### RECORDED INFORMATION
━━━━━━━━

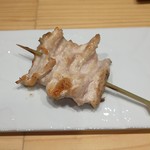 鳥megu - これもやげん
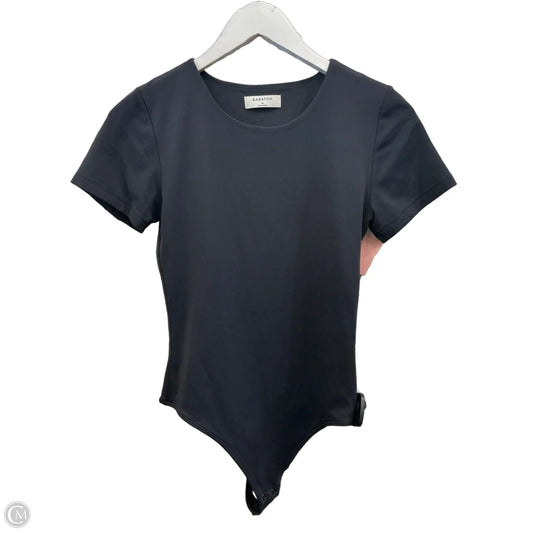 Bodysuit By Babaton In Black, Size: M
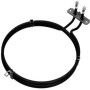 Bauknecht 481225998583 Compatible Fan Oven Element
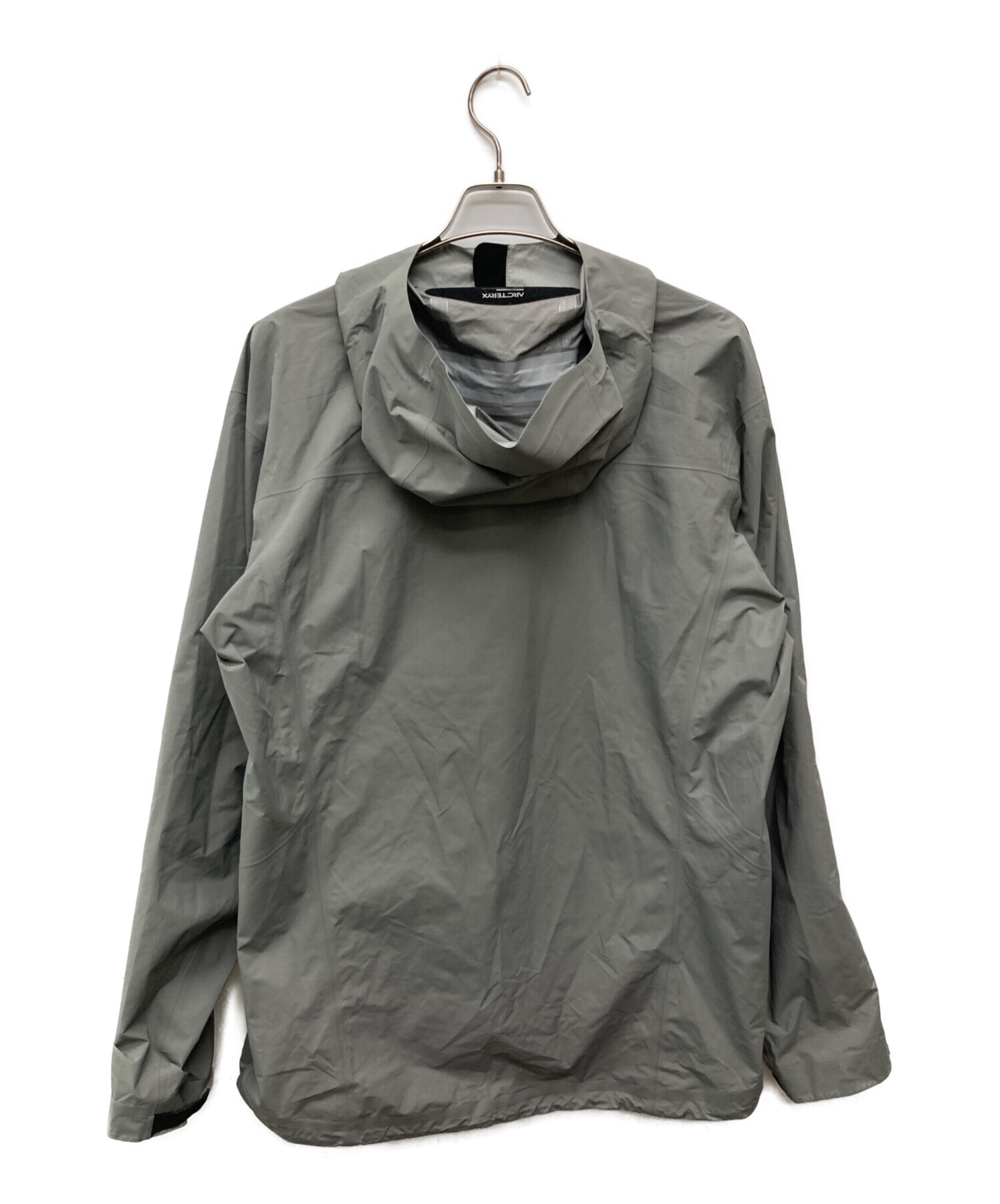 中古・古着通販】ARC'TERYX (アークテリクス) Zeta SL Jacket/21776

━━━━━━━━

### WORK ITEM
Restate all of the data word for word and include no pictures.

### WRITTEN ANSWER
 鳥megu - これもやげん
 Bodysuit By Babaton In Black, Size: M
 Bauknecht 481225998583 Compatible Fan Oven Element
 中古・古着通販】ARC'TERYX (アークテリクス) Zeta SL Jacket/21776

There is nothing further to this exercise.